[Image-text web data]
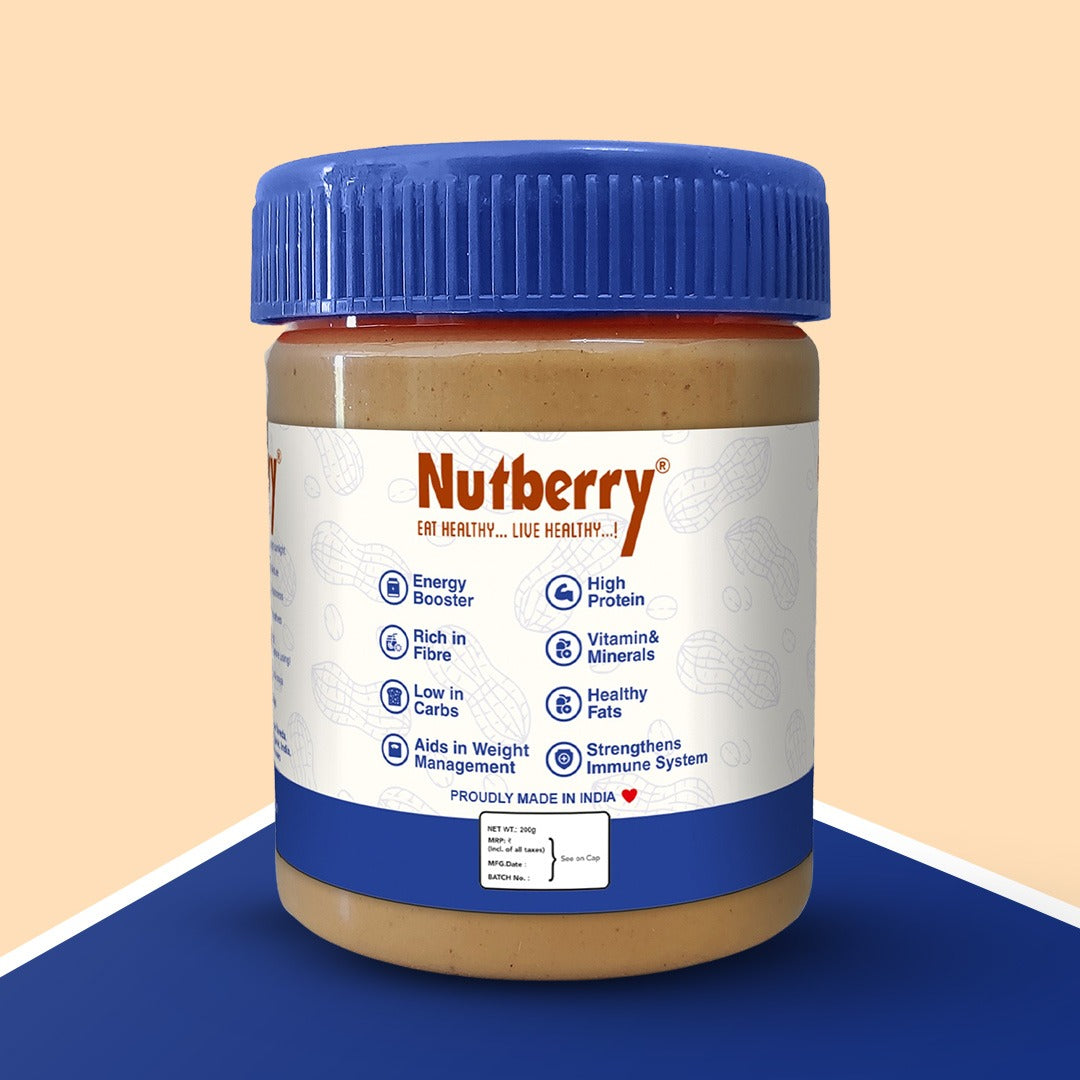 NUTBERRY PEANUT BUTTER CRUNCHY 200GM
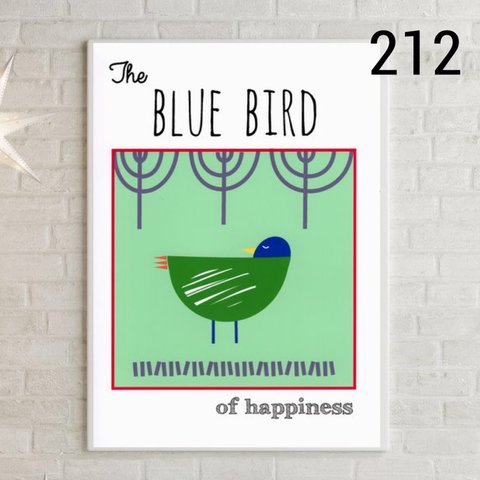 No.212.幸せの青い鳥　⭐️北欧ポスター　複数枚割引　ポスター インテリア 北欧雑貨  アート 写真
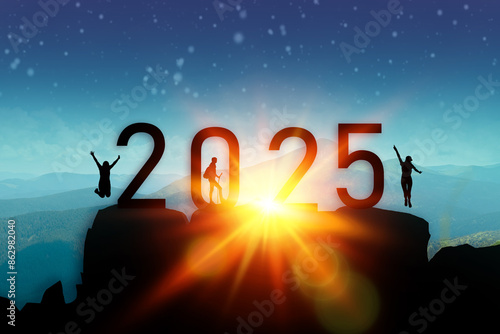 New year 2025 or straight forward concept. Text 2024 to 2025 written on the mountain top with at sunrise. Concept of planning, goal, challenge, new year resolution and start. High quality photo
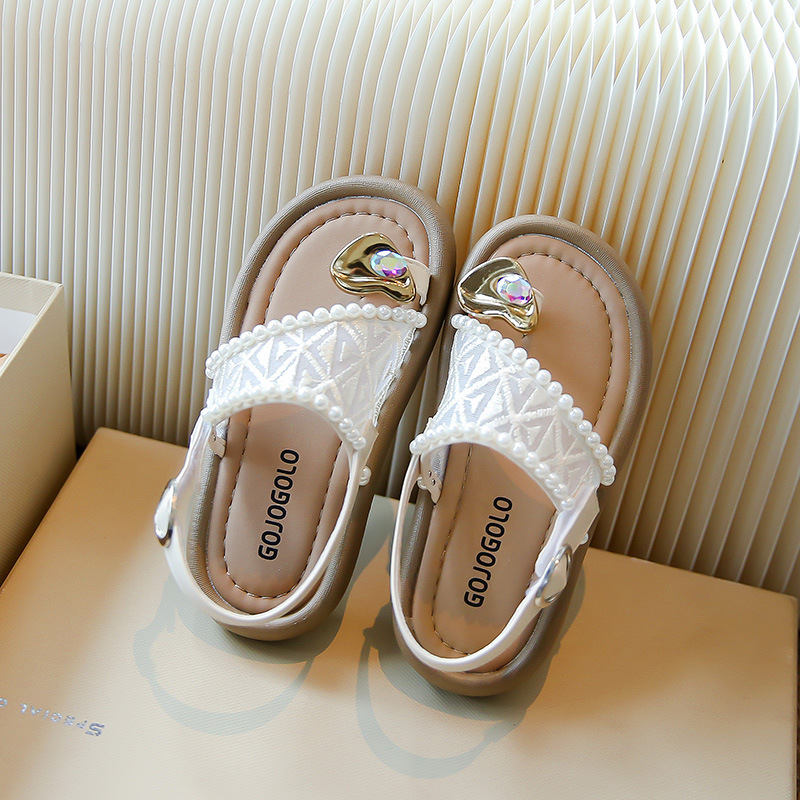 Sandale pentru fete cu Velcro, partea superioară din piele artificială, talpă TPR, design în stil coreean, pentru copii 4–12 ani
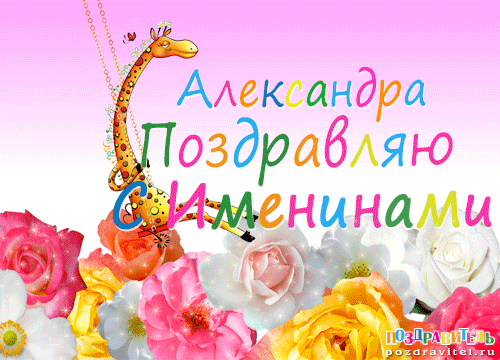 Открытка Открытки с именем Александра - Открытка с днем рождения: цветы, жираф, поздравления | Красивая открытка #20
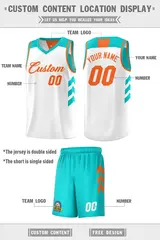 Teal White Double Side Sets Basketball Jersey 4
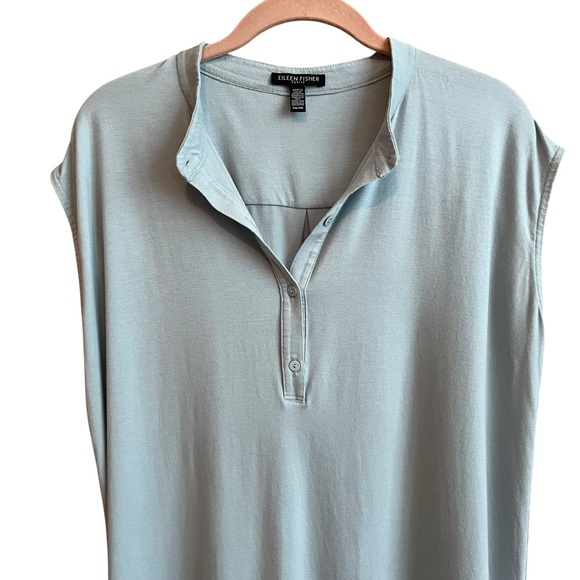 Eileen Fisher Henley Stretch Jersey Shift Dress Cap Sleeve Powder Blue - Picture 2 of 12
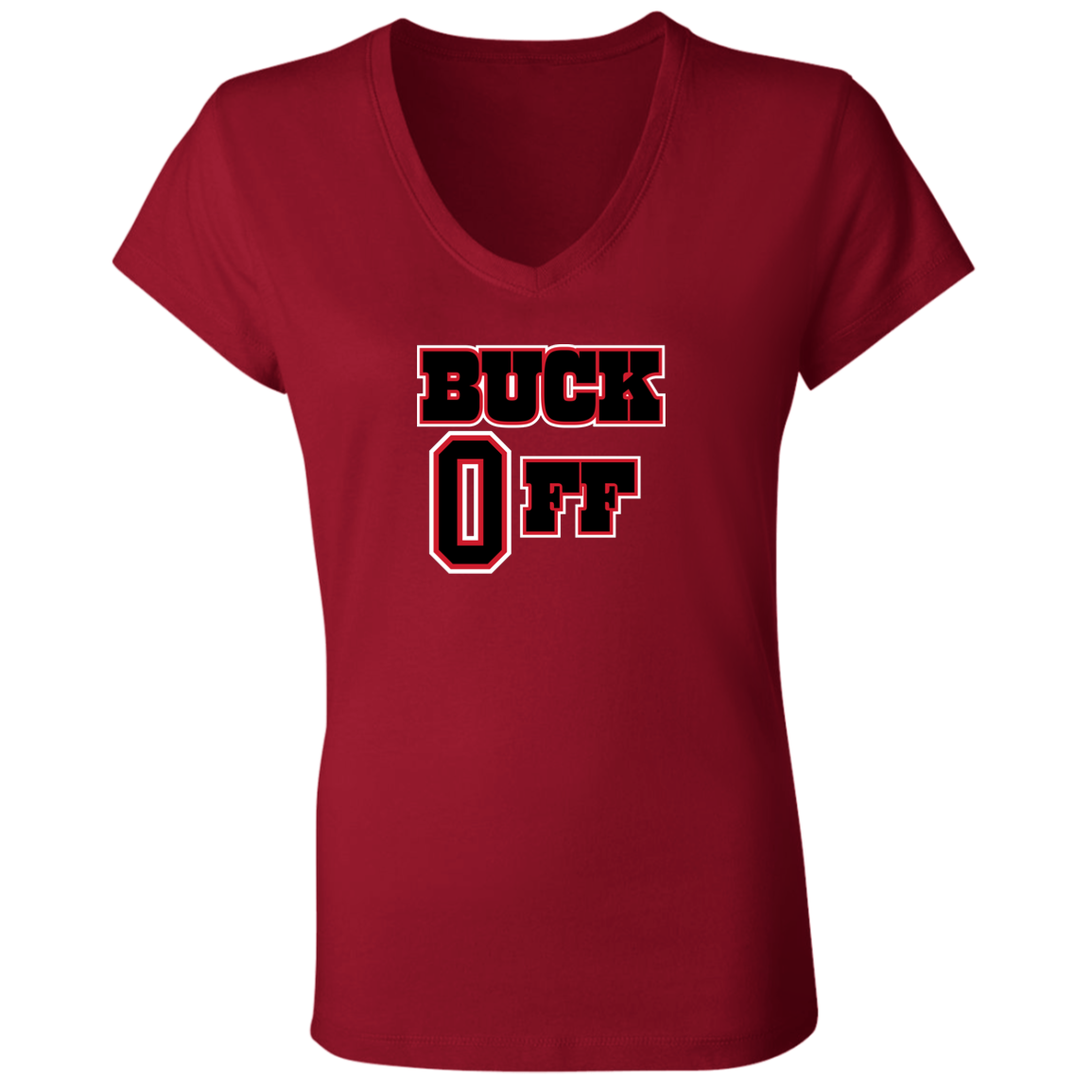 BUCKOFF Ohio State Ladies' Jersey V-Neck T-Shirt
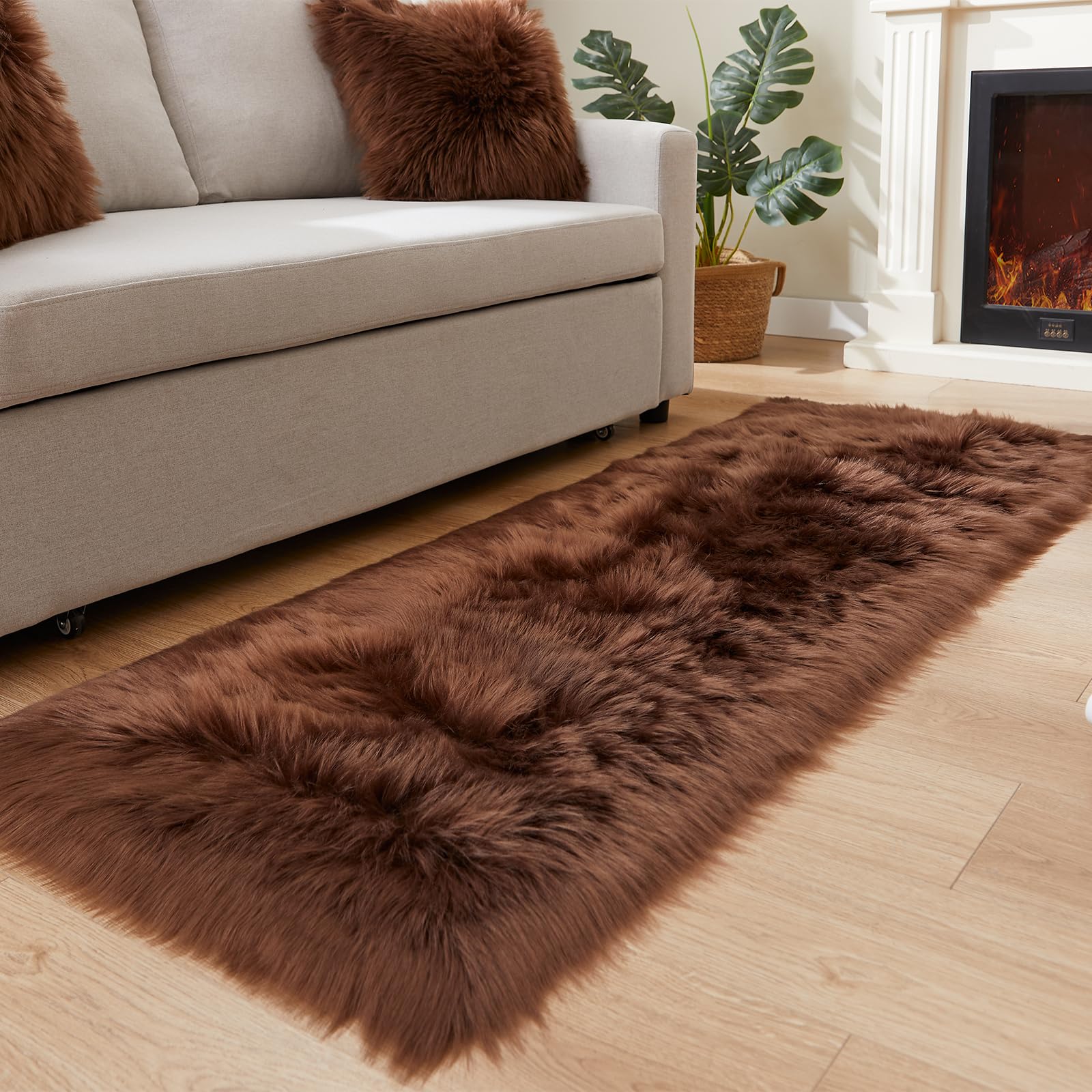 EasyJoy Ultra Soft Fluffy Rugs Faux Fur Rug Chair Cover Seat Pad Fuzzy Area Rug (2x6 ft Rectangle, Coffee)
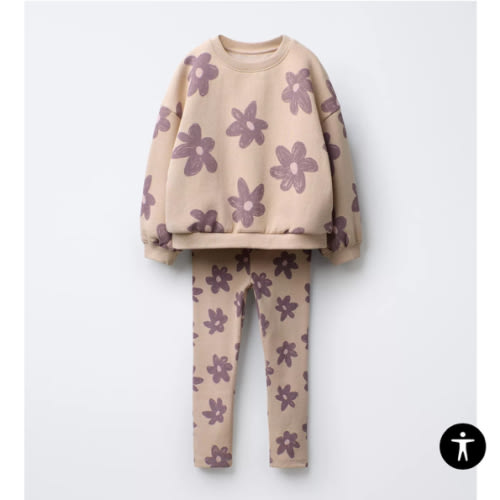 PRINTED JOGGING SWEATSHIRT AND LEGGINGS SET - Beige | ZARA United States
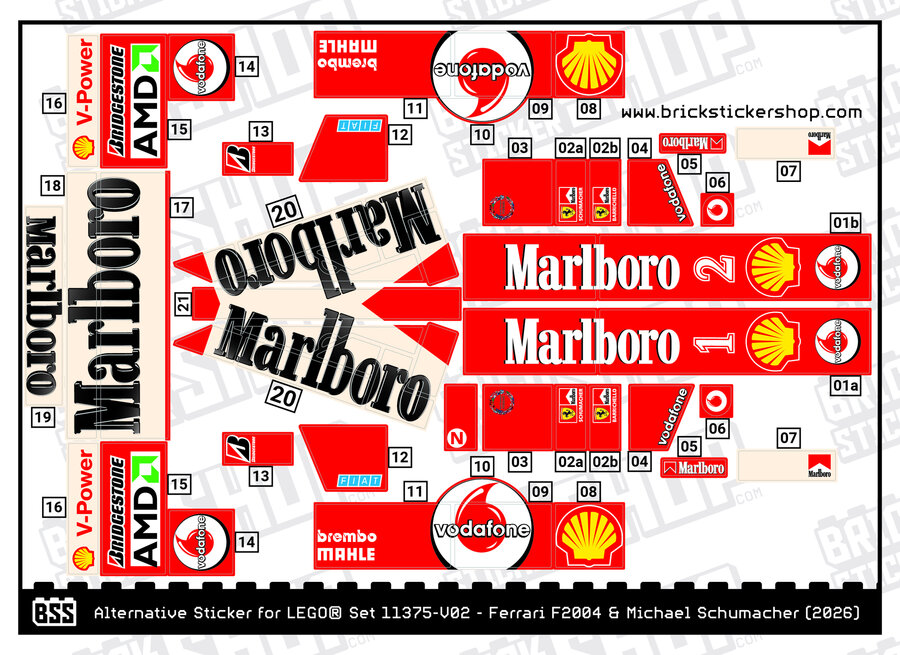 Alternative Sticker Bundle for Sets 10330, 10353 &amp; 11375 - Senna, Mansell &amp; Schumacher Liveries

• _WHAT YOU SHOULD DO_: Give back the full data exactly as it reads, but drop the pictures.

• _TASK ANSWER_:
 NUTBERRY PEANUT BUTTER CRUNCHY 200GM
 No.212.幸せの青い鳥　⭐️北欧ポスター　複数枚割引　ポスター インテリア 北欧雑貨  アート 写真
 New year 2025 or straight forward concept. Text 2024 to 2025 written on the mountain top with at sunrise. Concept of planning, goal, challenge, new year resolution and start. High quality photo
 Sandale pentru fete cu Velcro, partea superioară din piele artificială, talpă TPR, design în stil coreean, pentru copii 4–12 ani
 Открытка Открытки с именем Александра - Открытка с днем рождения: цветы, жираф, поздравления | Красивая открытка #20
 Teal White Double Side Sets Basketball Jersey 4
 Eileen Fisher Henley Stretch Jersey Shift Dress Cap Sleeve Powder Blue - Picture 2 of 12
 BUCKOFF Ohio State Ladies' Jersey V-Neck T-Shirt
 EasyJoy Ultra Soft Fluffy Rugs Faux Fur Rug Chair Cover Seat Pad Fuzzy Area Rug (2x6 ft Rectangle, Coffee)
 PRINTED JOGGING SWEATSHIRT AND LEGGINGS SET - Beige | ZARA United States
 Alternative Sticker Bundle for Sets 10330, 10353 &amp; 11375 - Senna, Mansell &amp; Schumacher Liveries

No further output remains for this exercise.